Wednesday, July 04, 2007

Treading Water in the Intertidal Zone
by: Schvach Yid

In an earlier blog entitled A Yeke’s Tale I discussed my cousin, one generation younger than I, who is Jewish and Black. She has been very fortunate to have grown up in the current age of personal liberation and societal support most of us enjoy in America. She’s the only member of our family of her generation who is Jewish and female, and therefore the only one who can pass on our family’s Jewish identity.

She’s family gold, and she's beautiful to boot!

The development of a high self esteem and ease with one’s identity has not always been a matter to be taken for granted; in fact, in our society here in America, it has only recently
become a right to live one’s life free of the harassments that can obstruct one’s personal development. The difficulty with self acceptance is sometimes exacerbated in individuals of ‘mixed’ backgrounds, what is currently referred to in politically correct terms as ‘mixed race’. A recent episode on CNN hosted by Paula Zahn explored this matter in Asian Americans.

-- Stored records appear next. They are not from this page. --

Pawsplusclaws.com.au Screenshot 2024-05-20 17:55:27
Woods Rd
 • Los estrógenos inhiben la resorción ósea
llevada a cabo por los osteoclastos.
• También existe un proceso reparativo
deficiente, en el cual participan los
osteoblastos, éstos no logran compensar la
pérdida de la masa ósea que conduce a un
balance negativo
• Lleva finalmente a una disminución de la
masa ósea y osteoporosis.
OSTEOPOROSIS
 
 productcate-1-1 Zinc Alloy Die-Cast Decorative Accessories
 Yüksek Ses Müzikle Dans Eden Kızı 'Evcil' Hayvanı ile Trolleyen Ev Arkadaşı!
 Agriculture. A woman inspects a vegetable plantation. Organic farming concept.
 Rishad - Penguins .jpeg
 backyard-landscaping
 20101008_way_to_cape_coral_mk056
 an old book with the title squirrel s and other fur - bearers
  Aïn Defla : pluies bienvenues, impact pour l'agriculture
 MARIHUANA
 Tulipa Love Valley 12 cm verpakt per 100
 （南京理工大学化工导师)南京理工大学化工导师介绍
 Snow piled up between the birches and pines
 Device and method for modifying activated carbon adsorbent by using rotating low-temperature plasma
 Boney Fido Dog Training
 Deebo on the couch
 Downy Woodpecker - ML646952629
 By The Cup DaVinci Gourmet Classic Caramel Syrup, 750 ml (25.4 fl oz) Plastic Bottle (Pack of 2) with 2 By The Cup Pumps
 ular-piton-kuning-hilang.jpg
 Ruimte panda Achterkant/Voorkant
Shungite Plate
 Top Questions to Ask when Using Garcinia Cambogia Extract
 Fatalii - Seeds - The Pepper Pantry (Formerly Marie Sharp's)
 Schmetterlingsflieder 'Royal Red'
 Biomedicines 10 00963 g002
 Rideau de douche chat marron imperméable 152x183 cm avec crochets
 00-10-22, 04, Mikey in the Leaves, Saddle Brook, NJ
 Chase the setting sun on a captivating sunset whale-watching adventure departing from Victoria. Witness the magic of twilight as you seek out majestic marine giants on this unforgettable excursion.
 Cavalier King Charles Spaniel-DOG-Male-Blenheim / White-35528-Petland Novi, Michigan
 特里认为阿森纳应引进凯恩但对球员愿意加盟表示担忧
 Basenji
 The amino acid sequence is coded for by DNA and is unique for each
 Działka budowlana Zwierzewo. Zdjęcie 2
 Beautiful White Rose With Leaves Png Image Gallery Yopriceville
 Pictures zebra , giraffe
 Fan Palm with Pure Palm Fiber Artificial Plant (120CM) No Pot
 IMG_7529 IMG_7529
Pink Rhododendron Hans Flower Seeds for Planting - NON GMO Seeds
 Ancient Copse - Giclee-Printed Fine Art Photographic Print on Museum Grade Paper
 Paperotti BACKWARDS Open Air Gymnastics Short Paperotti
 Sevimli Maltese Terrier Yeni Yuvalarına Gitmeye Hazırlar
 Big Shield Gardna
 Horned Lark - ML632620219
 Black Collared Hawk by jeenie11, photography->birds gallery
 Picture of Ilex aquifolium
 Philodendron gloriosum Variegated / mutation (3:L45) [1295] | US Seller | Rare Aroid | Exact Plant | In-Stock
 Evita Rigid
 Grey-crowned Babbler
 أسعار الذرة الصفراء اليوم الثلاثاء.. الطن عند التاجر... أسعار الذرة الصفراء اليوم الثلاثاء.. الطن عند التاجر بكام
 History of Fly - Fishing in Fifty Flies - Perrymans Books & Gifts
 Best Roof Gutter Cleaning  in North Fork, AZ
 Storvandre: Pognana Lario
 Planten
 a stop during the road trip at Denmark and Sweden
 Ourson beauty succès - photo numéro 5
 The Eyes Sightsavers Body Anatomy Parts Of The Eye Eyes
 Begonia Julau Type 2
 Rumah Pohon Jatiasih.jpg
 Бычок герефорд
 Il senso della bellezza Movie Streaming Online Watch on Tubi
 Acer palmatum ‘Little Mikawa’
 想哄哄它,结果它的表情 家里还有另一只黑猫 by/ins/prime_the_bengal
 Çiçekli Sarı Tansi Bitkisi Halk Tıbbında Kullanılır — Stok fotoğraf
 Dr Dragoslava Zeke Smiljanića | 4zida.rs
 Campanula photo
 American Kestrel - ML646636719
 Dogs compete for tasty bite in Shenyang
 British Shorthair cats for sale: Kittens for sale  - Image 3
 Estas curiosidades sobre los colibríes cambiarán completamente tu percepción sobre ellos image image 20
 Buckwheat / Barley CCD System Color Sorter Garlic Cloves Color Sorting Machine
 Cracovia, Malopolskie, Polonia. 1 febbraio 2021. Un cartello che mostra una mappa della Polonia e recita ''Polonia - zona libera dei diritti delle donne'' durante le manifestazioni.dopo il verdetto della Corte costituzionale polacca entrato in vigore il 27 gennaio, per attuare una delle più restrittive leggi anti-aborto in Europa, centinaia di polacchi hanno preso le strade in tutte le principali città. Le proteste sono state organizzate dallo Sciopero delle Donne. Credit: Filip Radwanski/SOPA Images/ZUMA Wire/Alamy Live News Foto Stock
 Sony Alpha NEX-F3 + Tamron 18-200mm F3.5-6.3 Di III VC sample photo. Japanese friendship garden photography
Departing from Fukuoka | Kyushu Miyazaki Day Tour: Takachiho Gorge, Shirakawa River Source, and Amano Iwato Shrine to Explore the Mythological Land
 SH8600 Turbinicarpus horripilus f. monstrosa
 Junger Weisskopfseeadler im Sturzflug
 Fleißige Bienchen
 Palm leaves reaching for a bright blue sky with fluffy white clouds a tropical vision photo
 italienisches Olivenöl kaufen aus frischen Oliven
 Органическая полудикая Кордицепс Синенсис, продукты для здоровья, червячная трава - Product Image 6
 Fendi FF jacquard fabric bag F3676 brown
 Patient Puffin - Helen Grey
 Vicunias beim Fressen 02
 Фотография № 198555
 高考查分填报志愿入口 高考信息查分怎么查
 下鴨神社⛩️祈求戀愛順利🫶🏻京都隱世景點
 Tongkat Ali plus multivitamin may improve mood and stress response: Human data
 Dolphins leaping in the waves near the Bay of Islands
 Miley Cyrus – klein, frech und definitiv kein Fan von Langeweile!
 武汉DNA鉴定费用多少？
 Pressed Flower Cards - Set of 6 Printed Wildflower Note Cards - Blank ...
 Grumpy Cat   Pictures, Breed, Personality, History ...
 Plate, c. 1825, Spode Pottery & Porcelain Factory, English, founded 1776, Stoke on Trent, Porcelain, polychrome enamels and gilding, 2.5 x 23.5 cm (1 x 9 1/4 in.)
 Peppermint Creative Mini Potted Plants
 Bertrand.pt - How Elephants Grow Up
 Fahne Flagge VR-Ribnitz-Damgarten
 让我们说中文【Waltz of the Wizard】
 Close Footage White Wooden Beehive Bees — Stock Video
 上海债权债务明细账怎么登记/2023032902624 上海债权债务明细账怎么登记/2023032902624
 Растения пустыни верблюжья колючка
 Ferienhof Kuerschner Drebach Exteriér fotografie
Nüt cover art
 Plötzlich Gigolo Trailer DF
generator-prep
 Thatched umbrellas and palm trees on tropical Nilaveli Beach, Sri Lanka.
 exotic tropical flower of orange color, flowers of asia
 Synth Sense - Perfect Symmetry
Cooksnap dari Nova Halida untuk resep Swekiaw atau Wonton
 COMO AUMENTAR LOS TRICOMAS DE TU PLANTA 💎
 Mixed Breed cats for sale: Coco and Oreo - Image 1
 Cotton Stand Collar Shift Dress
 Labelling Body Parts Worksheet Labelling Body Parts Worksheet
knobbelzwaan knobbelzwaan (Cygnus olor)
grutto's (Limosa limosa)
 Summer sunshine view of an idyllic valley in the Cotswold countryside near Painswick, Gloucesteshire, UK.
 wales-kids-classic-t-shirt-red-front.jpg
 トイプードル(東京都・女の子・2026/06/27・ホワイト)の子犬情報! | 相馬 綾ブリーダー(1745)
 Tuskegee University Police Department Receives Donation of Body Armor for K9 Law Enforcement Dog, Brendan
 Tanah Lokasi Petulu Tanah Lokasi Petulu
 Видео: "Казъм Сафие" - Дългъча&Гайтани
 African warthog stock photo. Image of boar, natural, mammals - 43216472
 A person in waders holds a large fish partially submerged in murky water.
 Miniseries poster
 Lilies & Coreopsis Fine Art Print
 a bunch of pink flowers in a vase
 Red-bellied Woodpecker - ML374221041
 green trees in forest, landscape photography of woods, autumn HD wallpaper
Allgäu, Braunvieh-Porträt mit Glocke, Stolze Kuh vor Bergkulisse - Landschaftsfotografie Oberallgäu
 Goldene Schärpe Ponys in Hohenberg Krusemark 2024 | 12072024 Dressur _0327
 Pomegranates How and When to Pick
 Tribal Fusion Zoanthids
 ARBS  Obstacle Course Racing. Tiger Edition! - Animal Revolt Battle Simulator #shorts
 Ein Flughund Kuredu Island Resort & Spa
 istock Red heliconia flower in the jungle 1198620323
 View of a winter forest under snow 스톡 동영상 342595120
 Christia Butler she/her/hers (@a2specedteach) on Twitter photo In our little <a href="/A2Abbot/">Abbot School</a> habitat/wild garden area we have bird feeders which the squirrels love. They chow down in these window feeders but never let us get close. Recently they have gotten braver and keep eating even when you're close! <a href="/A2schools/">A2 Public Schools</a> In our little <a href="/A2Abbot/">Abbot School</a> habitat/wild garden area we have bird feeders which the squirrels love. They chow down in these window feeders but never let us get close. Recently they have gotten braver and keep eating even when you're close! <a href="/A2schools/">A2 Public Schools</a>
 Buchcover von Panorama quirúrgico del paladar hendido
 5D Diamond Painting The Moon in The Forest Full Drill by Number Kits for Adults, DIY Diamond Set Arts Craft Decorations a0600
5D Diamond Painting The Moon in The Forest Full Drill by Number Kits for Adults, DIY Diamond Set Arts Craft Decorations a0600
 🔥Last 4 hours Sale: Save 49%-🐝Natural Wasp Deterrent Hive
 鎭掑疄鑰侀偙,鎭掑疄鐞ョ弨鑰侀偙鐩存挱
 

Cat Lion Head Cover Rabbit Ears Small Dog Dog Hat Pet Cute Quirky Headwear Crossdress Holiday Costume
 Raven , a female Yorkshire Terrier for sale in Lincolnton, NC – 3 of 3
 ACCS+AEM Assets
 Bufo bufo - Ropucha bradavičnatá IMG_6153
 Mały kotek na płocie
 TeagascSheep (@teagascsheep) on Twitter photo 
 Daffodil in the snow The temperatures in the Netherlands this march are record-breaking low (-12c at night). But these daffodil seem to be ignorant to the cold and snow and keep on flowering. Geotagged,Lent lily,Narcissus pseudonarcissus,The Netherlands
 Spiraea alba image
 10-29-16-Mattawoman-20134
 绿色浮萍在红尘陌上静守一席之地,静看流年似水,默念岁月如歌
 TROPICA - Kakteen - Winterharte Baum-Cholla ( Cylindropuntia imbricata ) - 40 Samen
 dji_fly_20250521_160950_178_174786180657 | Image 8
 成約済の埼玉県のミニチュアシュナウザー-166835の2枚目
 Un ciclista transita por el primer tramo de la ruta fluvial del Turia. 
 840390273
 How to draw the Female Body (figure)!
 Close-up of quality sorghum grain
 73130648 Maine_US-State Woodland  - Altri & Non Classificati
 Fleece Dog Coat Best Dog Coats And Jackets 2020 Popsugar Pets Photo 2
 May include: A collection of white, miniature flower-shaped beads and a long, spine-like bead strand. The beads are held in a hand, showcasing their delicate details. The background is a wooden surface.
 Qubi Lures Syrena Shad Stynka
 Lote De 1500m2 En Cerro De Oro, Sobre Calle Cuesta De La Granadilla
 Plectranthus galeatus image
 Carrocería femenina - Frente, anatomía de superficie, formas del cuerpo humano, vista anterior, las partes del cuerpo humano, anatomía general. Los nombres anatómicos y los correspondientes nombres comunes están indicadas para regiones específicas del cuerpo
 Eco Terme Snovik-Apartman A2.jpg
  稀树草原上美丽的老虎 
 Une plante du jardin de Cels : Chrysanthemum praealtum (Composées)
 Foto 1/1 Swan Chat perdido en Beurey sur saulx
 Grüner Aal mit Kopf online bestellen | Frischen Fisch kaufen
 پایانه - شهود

Back in the old days, when I grew up in the 1950’s to 1970’s, we summered in a bungalow colony in the Catskill Mountains of New York. This has already been referred to in the earlier blog When Be’ezrat Hashem Became Baruch Hashem. There, my closest companion, an age peer, and I hung out together incessantly. Our favorite pastime was hunting snakes. As we grew older, we parted company, and once we were in college we completely lost contact. Then, a bit later in life, in our late 20’s, we restarted our friendship.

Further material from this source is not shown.